Task instructions
Would you copy exactly the lines in the data below from the one that has "Cozy hallway nook" through the one that has "Monki Felpa - black", dropping any pictures?
::: Task data
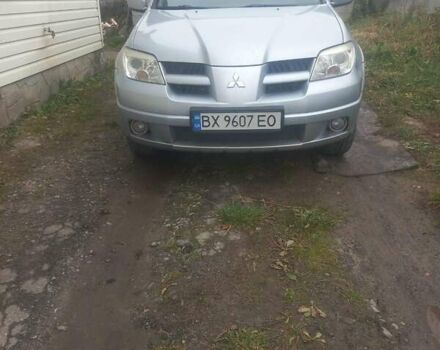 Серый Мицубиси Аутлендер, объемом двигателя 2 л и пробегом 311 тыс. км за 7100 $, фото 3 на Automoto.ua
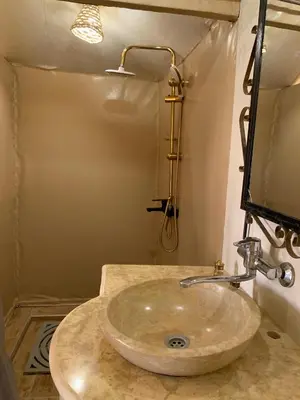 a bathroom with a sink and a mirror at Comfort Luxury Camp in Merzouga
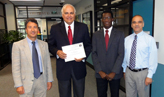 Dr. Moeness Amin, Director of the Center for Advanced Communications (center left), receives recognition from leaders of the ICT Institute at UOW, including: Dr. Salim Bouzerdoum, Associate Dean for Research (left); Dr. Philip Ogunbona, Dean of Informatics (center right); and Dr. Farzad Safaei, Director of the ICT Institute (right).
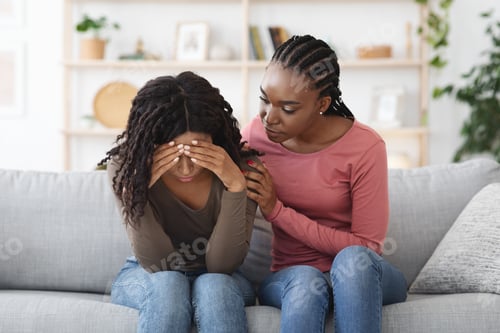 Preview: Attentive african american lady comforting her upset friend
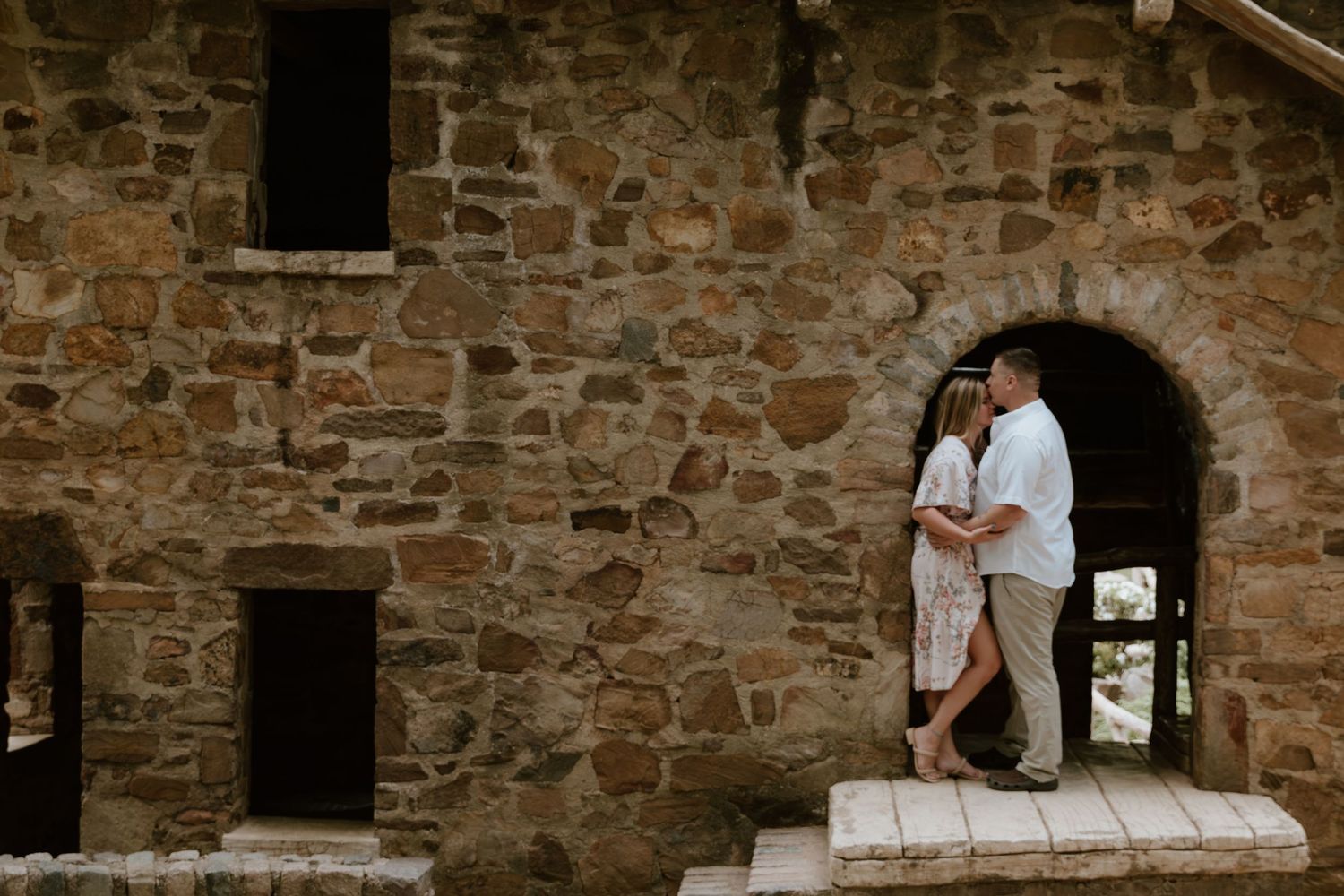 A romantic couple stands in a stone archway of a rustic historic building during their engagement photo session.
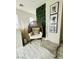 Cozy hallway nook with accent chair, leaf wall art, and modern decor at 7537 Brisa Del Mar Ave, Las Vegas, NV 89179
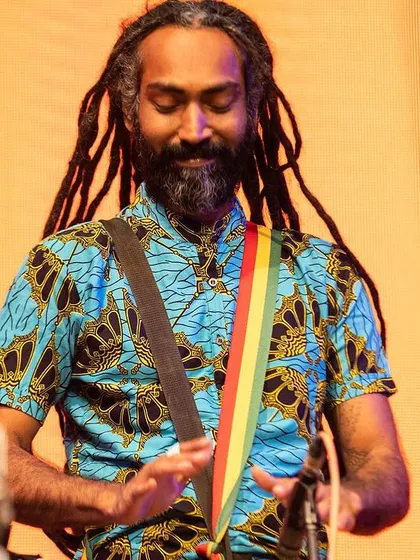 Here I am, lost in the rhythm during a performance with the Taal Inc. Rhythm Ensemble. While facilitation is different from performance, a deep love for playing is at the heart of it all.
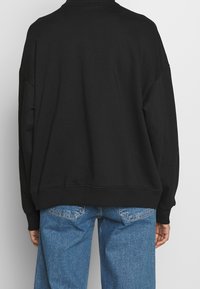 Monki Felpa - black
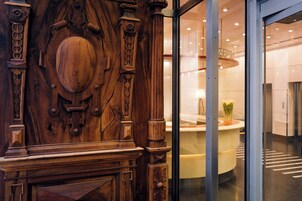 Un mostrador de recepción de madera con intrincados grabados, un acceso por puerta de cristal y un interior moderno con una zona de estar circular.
::::::
::: Task data
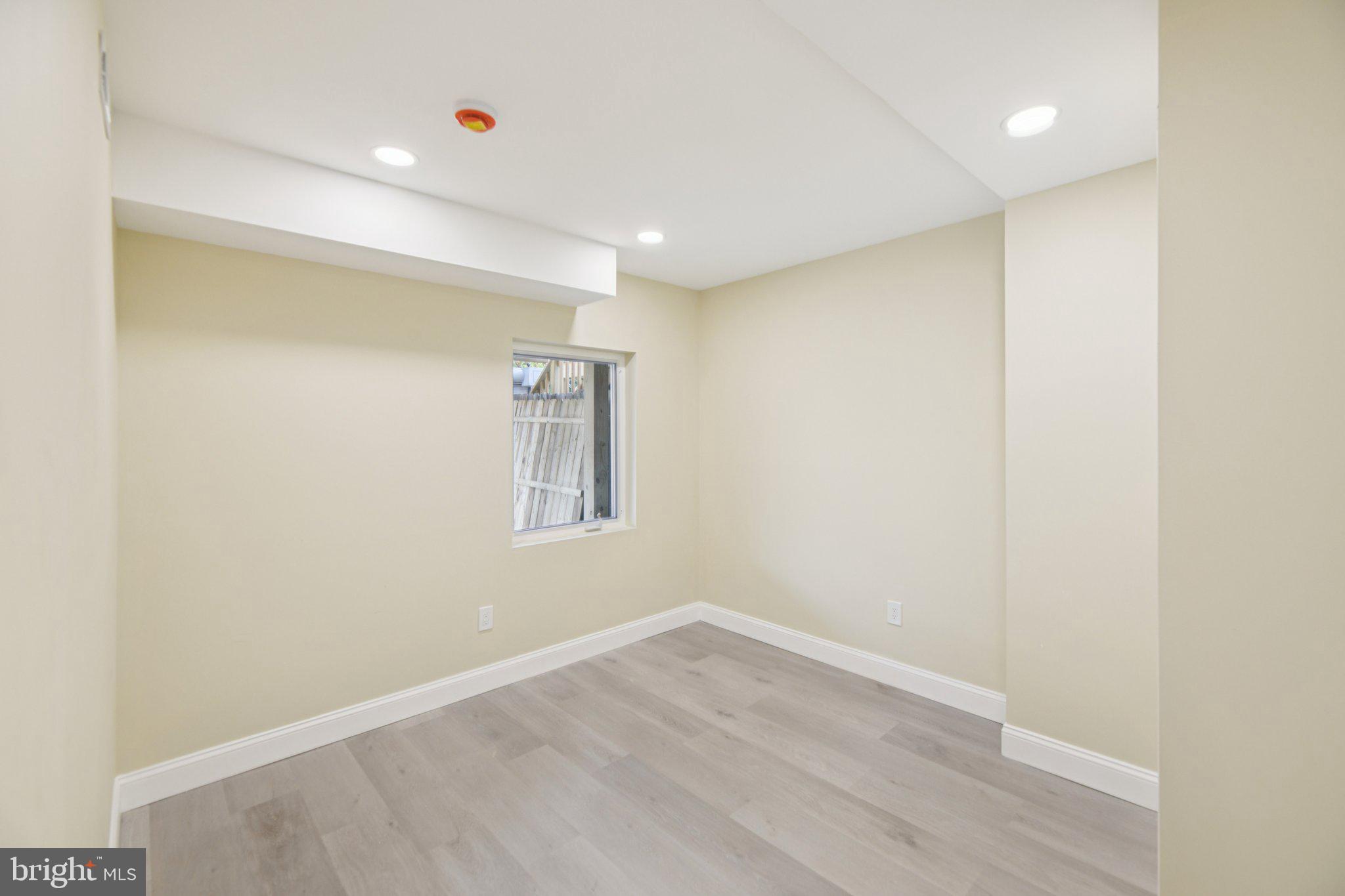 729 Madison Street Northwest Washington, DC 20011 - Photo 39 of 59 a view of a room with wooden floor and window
::::::
Response area
 Cozy hallway nook with accent chair, leaf wall art, and modern decor at 7537 Brisa Del Mar Ave, Las Vegas, NV 89179
 Here I am, lost in the rhythm during a performance with the Taal Inc. Rhythm Ensemble. While facilitation is different from performance, a deep love for playing is at the heart of it all.
 Monki Felpa - black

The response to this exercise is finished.